Design a distributed job scheduler that can run millions of cron jobs reliably, at scale, across many worker nodes.
system-design · Senior level · software-engineering
What the interviewer is really asking
Tests understanding of distributed coordination, exactly-once execution, fault tolerance, and horizontal scalability of stateful systems.
What to say
- Job storage: persist jobs in a database (PostgreSQL or DynamoDB) with fields: job_id, cron_expression, next_run_at, status (pending/running/done), worker_id. Index on next_run_at for efficient polling.
- Scheduling: a scheduler process polls for jobs with next_run_at <= now and claims them atomically (UPDATE ... WHERE status='pending' AND next_run_at <= now RETURNING — row-level locking prevents double dispatch). Enqueue claimed jobs to a work queue (SQS/Kafka).
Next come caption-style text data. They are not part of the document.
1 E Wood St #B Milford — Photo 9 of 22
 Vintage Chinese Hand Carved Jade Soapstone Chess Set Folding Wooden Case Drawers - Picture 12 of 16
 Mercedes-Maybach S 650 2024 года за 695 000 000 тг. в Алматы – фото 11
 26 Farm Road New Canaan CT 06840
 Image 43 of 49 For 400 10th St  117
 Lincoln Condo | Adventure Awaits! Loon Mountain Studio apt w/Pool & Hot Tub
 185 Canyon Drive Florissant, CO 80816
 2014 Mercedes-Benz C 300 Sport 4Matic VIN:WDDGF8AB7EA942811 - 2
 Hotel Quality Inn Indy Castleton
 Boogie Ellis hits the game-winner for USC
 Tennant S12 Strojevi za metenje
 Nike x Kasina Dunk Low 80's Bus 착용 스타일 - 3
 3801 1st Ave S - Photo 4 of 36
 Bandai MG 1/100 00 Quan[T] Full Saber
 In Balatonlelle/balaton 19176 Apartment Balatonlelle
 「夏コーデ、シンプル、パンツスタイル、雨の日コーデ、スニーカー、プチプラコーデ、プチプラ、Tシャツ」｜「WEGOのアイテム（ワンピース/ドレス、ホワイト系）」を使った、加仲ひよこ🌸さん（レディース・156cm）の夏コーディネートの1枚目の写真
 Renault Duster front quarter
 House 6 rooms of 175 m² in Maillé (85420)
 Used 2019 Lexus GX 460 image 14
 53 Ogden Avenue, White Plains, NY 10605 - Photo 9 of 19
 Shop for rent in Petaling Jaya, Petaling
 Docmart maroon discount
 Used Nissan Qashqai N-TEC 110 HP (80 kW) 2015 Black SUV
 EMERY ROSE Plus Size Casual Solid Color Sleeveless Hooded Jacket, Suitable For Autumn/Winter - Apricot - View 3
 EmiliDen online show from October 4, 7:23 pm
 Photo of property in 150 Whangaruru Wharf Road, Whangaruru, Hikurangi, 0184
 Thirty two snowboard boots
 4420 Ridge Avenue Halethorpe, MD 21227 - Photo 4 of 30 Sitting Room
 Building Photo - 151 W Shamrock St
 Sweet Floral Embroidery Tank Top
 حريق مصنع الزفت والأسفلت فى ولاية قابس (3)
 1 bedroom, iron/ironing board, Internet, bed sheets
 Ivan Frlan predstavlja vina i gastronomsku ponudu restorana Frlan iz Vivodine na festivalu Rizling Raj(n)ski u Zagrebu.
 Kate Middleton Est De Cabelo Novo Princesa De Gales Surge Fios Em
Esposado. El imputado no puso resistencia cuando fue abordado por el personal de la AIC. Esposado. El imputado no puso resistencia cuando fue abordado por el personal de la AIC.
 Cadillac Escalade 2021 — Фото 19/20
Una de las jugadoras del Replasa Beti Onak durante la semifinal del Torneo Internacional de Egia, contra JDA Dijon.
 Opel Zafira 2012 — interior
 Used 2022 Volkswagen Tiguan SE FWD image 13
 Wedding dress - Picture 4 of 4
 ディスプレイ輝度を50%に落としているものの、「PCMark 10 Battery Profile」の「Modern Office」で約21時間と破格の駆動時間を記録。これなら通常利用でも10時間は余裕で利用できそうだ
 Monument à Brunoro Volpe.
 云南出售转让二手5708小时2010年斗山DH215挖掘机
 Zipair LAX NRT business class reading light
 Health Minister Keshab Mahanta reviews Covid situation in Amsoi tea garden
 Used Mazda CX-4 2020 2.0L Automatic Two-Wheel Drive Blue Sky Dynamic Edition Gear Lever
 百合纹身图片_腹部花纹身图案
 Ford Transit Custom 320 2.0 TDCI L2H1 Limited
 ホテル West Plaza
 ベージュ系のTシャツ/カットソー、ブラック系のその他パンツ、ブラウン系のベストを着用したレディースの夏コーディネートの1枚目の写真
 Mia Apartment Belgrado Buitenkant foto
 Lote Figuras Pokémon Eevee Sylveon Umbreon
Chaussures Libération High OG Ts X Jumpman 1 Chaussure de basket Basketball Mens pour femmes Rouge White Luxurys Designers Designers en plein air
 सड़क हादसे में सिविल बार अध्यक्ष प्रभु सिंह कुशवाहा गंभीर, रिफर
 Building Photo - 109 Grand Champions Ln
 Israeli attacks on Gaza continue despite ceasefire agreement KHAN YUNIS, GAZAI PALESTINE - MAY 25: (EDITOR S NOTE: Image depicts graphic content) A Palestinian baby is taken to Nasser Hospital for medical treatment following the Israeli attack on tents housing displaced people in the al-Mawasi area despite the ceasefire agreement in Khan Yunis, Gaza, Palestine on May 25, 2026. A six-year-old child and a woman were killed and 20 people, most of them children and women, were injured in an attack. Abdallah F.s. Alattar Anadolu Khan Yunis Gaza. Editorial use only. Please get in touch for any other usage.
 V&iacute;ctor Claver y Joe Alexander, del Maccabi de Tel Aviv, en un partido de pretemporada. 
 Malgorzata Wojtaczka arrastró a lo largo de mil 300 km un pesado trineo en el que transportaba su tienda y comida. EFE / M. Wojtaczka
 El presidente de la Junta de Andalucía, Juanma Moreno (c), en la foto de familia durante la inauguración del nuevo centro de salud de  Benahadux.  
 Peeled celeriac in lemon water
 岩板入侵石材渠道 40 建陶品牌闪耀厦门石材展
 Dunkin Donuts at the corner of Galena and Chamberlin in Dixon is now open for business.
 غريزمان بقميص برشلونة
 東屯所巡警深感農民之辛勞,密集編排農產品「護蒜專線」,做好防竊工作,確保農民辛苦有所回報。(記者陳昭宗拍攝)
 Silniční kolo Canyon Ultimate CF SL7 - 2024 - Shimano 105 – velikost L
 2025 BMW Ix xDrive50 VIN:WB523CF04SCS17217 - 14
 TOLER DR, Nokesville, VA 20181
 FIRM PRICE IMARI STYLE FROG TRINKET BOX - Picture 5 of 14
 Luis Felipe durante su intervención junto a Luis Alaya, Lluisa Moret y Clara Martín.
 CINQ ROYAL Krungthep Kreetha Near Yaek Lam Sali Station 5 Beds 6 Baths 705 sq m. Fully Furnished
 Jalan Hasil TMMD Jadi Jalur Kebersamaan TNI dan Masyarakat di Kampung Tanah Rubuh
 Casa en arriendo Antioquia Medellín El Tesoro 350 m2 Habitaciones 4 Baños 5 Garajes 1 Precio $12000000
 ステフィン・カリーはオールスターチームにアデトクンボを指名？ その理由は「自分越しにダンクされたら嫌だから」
- Workers: pull from queue, execute job, update status to done/failed. Heartbeat mechanism: if a worker dies mid-job, a watchdog reclaims it after a timeout. Retry logic with max_attempts and backoff.
What to avoid
- Use a single cron daemon on one machine — single point of failure.
- Ignore exactly-once execution — the hardest part of a distributed scheduler.
- Poll the database for every job on every worker simultaneously without a claiming mechanism.
Example answers
Strong: The critical insight is atomic claiming: multiple scheduler instances must not dispatch the same job. Using 'SELECT FOR UPDATE SKIP LOCKED' in PostgreSQL, each scheduler atomically claims a batch of due jobs without contention — other workers skip the locked rows instead of blocking. This is how Postgres-backed queues like Rails Solid Queue, GoodJob, and Que avoid double-dispatch at scale; Redis-backed systems like Sidekiq achieve the same atomic claim differently, via an atomic BRPOP/LMOVE off a list.
Weak: Use cron on each server and just accept that some jobs might run twice.